(EXERCISE DESCRIPTION) A faithful transcription of all the data, images excluded, is the required answer.

=== GIVEN ENTRIES ===

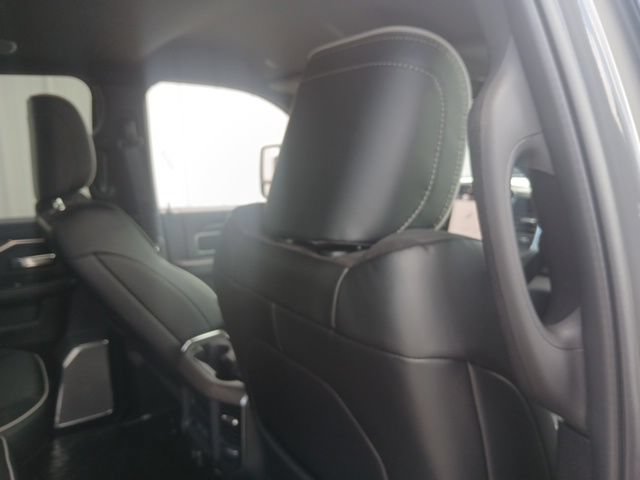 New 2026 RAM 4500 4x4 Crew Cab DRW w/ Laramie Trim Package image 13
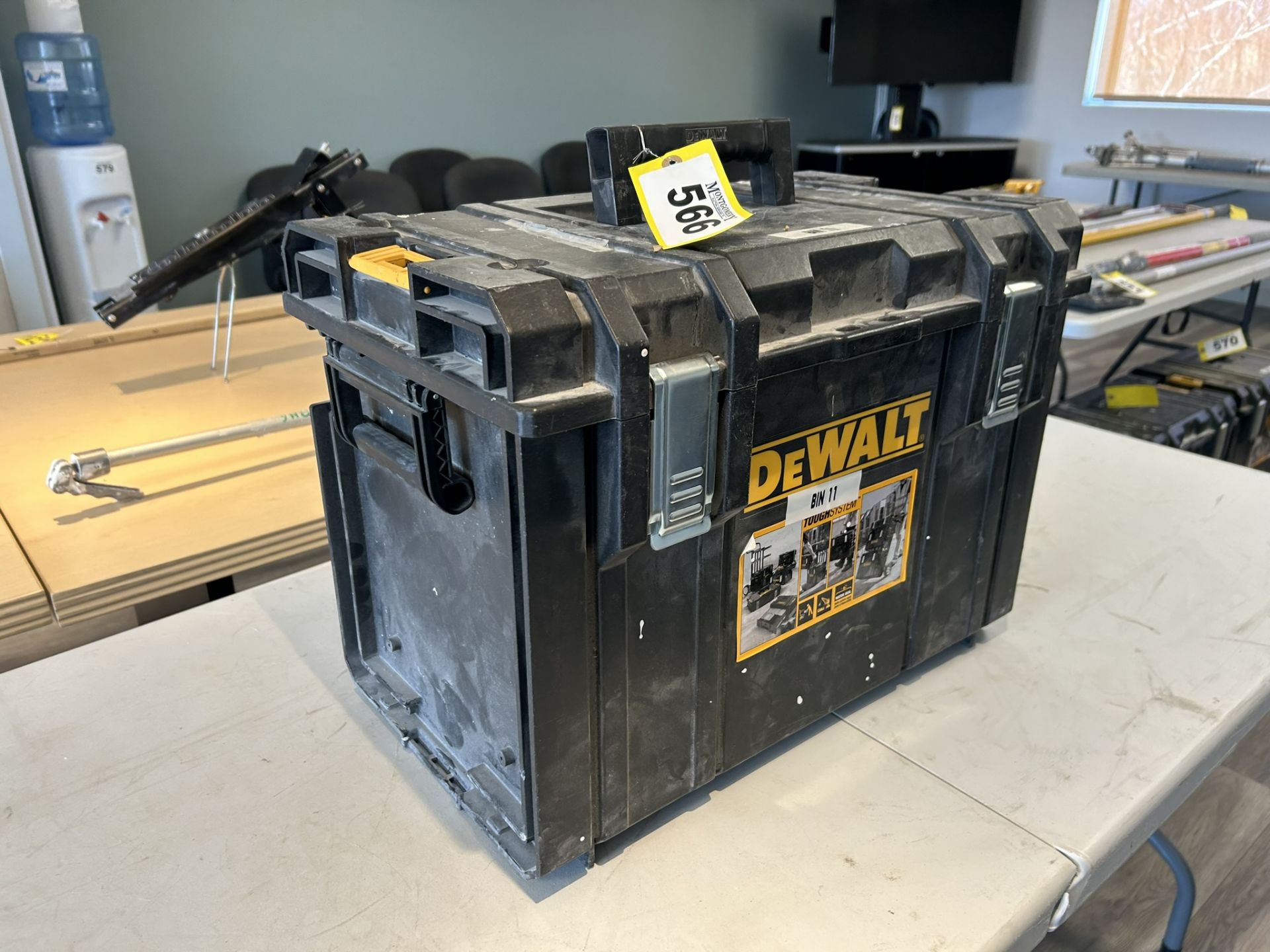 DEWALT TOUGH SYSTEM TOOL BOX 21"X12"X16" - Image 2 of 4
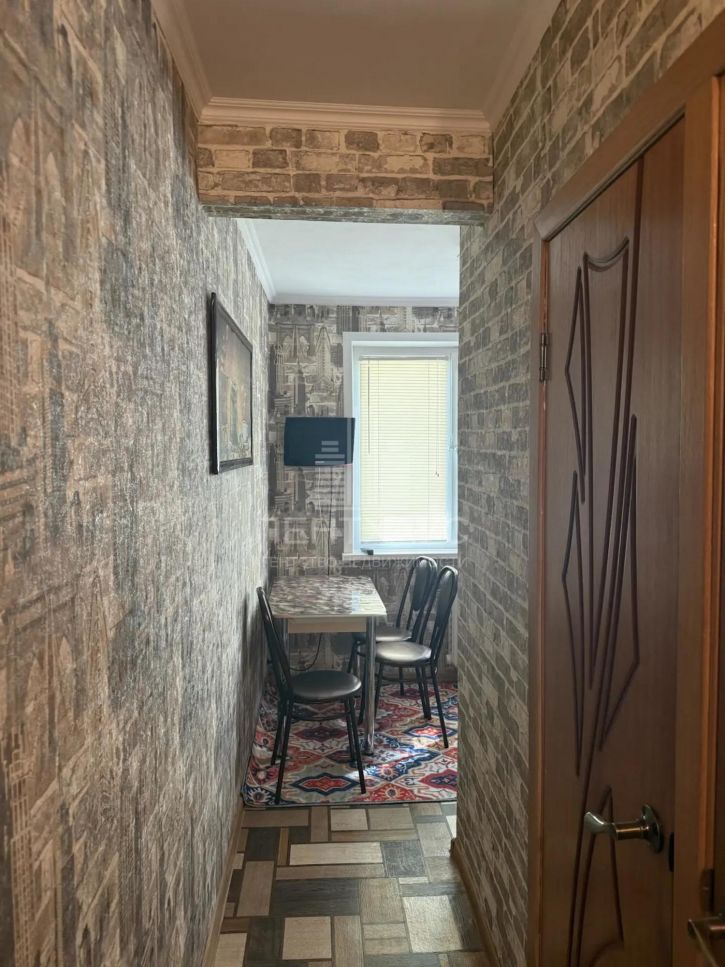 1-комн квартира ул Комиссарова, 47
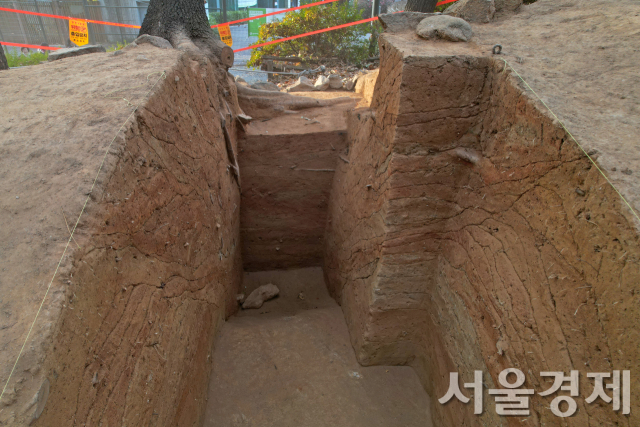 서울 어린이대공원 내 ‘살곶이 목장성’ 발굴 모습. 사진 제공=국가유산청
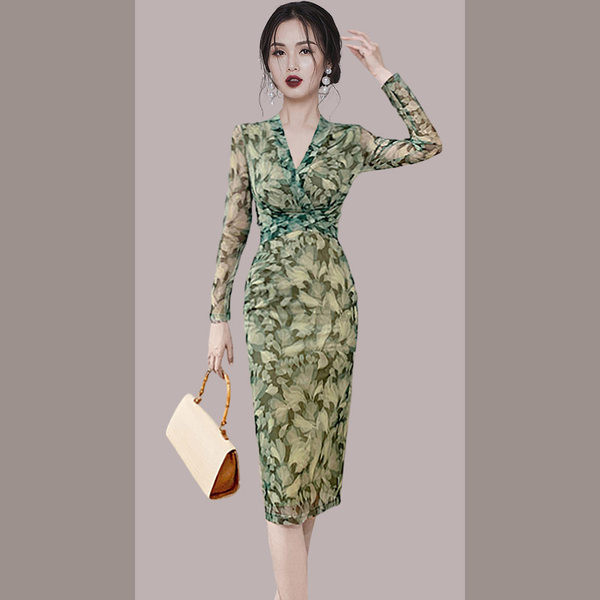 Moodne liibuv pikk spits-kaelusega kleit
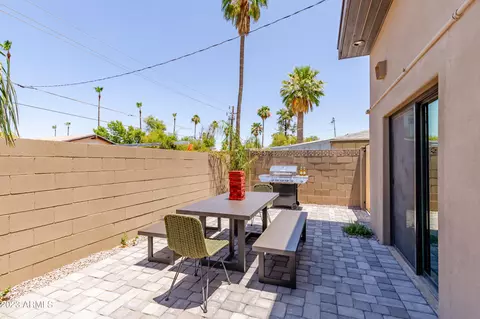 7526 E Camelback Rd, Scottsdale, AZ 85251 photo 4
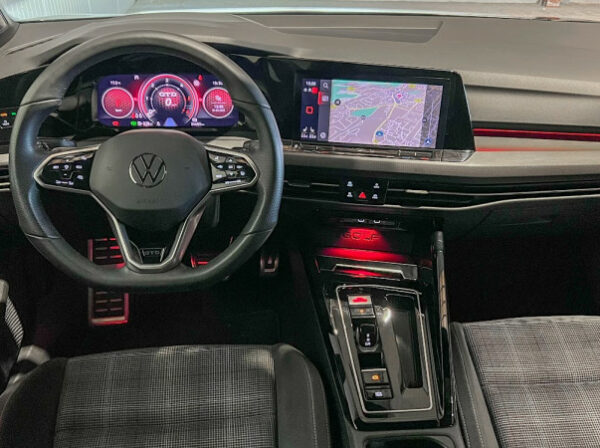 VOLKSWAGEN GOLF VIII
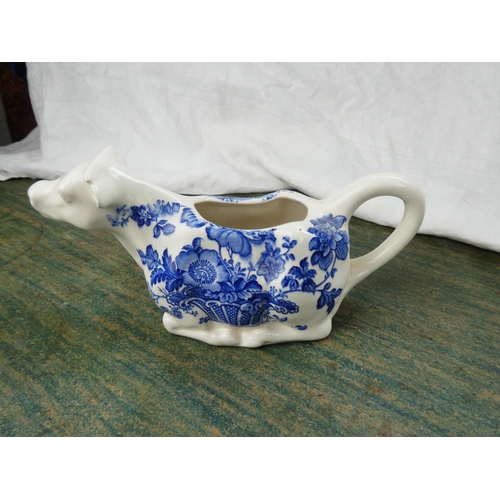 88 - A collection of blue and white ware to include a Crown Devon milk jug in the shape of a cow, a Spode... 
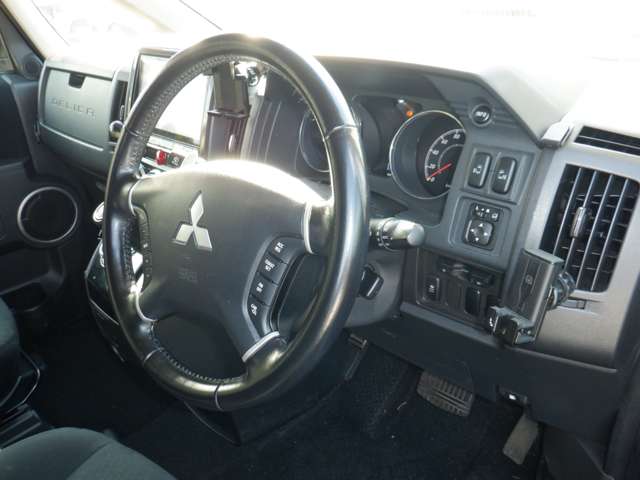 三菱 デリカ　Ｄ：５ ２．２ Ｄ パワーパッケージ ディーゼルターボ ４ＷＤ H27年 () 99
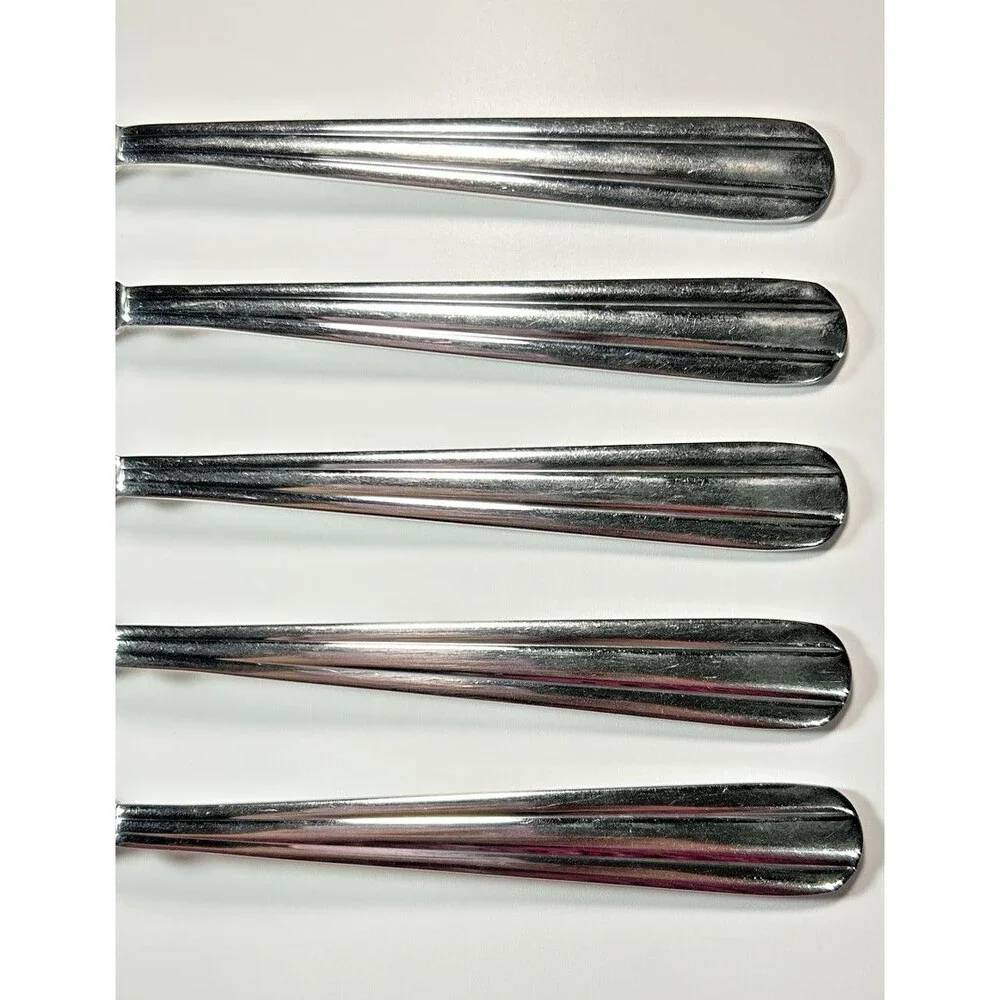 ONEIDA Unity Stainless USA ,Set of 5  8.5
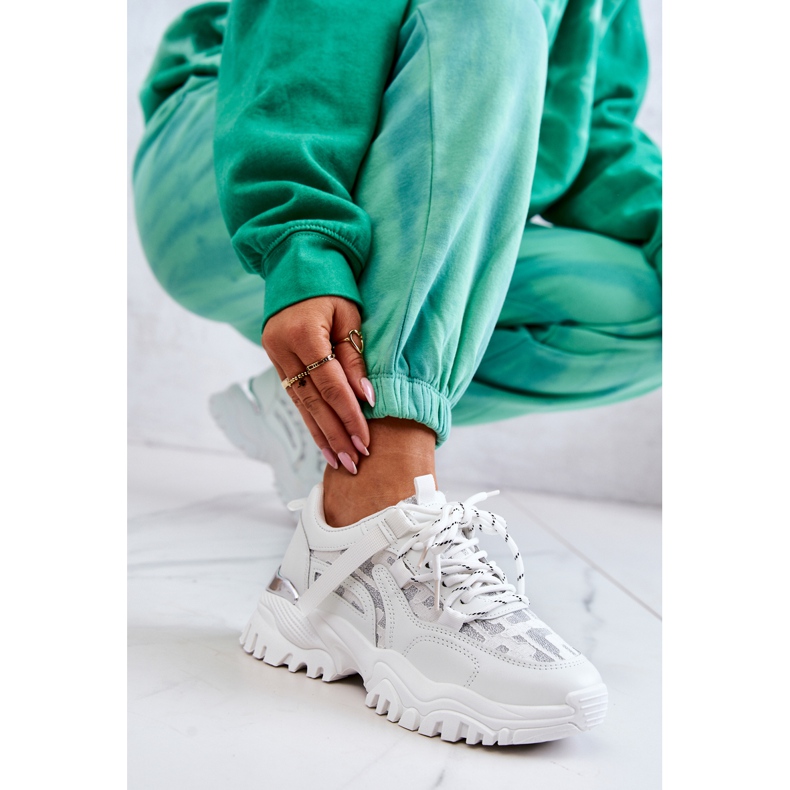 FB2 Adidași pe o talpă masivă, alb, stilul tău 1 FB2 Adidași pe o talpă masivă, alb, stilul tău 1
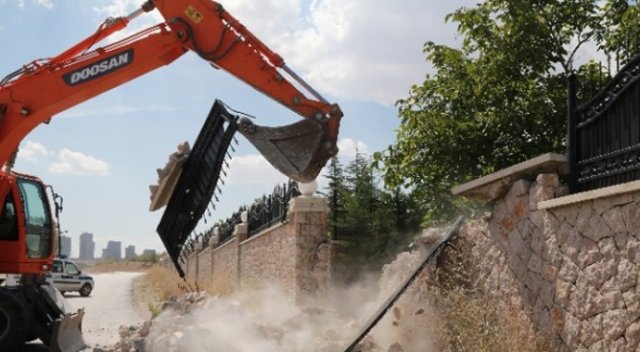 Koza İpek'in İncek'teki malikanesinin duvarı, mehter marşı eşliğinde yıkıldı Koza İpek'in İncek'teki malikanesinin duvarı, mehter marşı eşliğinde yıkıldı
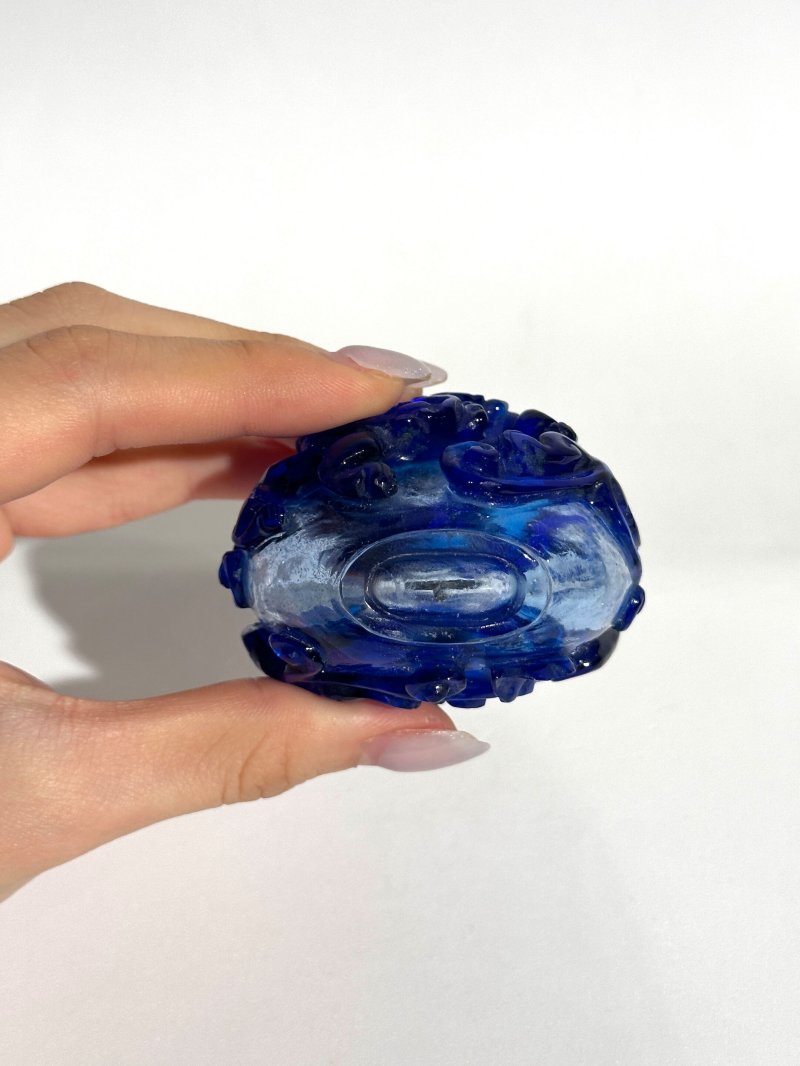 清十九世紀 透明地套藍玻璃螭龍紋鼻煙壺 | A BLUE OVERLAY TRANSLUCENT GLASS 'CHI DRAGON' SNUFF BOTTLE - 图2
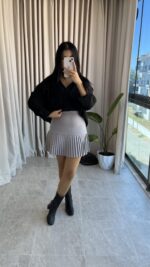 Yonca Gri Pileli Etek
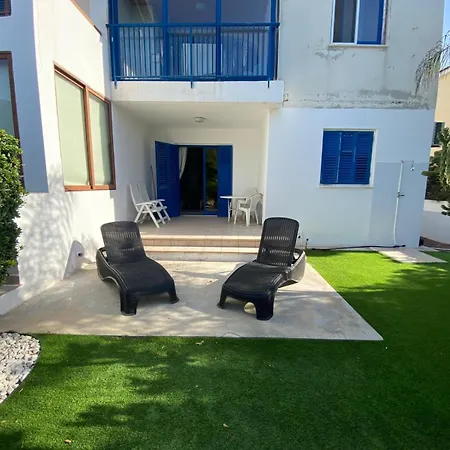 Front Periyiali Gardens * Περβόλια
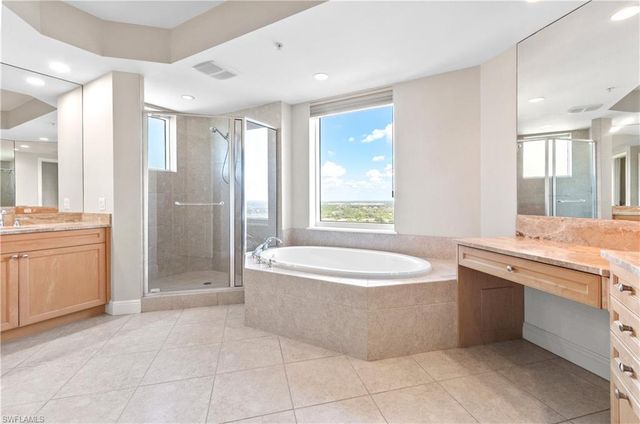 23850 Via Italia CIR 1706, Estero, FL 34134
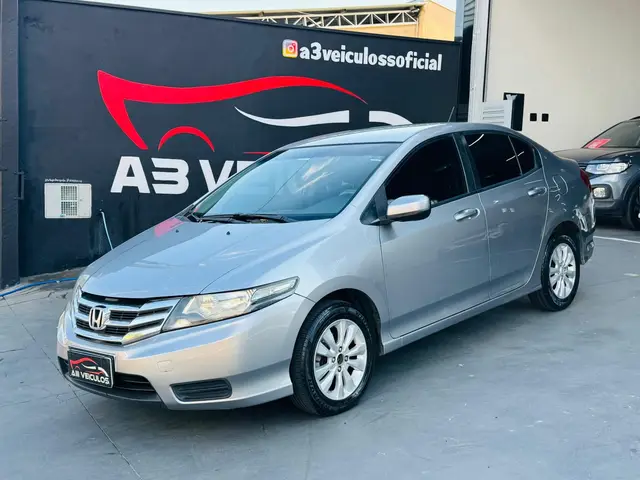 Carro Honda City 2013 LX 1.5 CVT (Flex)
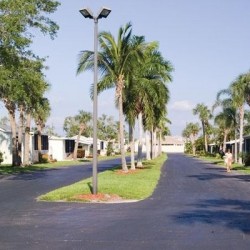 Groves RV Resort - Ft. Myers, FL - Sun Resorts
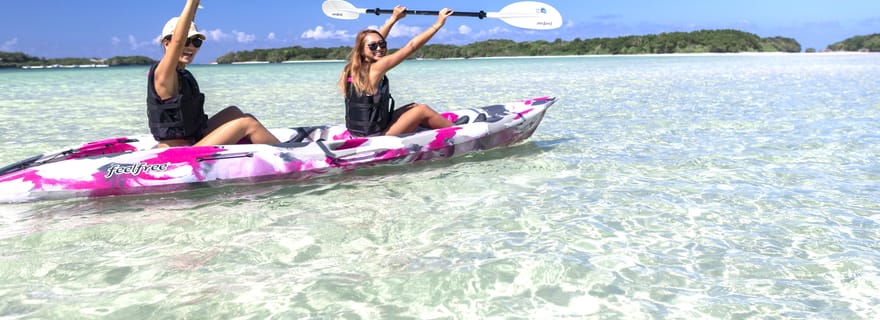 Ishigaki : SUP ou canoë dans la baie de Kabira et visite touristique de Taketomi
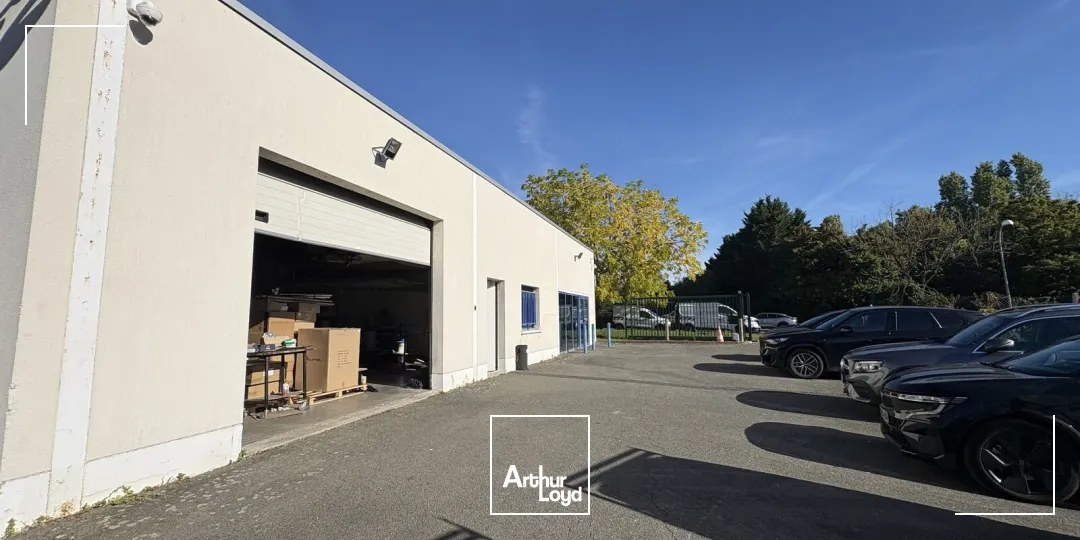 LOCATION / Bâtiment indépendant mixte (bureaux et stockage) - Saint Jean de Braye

===

(RESPONSE AREA)
 New 2026 RAM 4500 4x4 Crew Cab DRW w/ Laramie Trim Package image 13
 DEWALT TOUGH SYSTEM TOOL BOX 21"X12"X16" - Image 2 of 4
 1-комн квартира ул Комиссарова, 47
 서울 어린이대공원 내 ‘살곶이 목장성’ 발굴 모습. 사진 제공=국가유산청
 Moodne liibuv pikk spits-kaelusega kleit
 7526 E Camelback Rd, Scottsdale, AZ 85251 photo 4
 VOLKSWAGEN GOLF VIII
 88 - A collection of blue and white ware to include a Crown Devon milk jug in the shape of a cow, a Spode... 
 三菱 デリカ　Ｄ：５ ２．２ Ｄ パワーパッケージ ディーゼルターボ ４ＷＤ H27年 () 99
 ONEIDA Unity Stainless USA ,Set of 5  8.5
 FB2 Adidași pe o talpă masivă, alb, stilul tău 1 FB2 Adidași pe o talpă masivă, alb, stilul tău 1
 Koza İpek'in İncek'teki malikanesinin duvarı, mehter marşı eşliğinde yıkıldı Koza İpek'in İncek'teki malikanesinin duvarı, mehter marşı eşliğinde yıkıldı
 清十九世紀 透明地套藍玻璃螭龍紋鼻煙壺 | A BLUE OVERLAY TRANSLUCENT GLASS 'CHI DRAGON' SNUFF BOTTLE - 图2
 Yonca Gri Pileli Etek
 Front Periyiali Gardens * Περβόλια
 23850 Via Italia CIR 1706, Estero, FL 34134
 Carro Honda City 2013 LX 1.5 CVT (Flex)
 Groves RV Resort - Ft. Myers, FL - Sun Resorts
 Ishigaki : SUP ou canoë dans la baie de Kabira et visite touristique de Taketomi
 LOCATION / Bâtiment indépendant mixte (bureaux et stockage) - Saint Jean de Braye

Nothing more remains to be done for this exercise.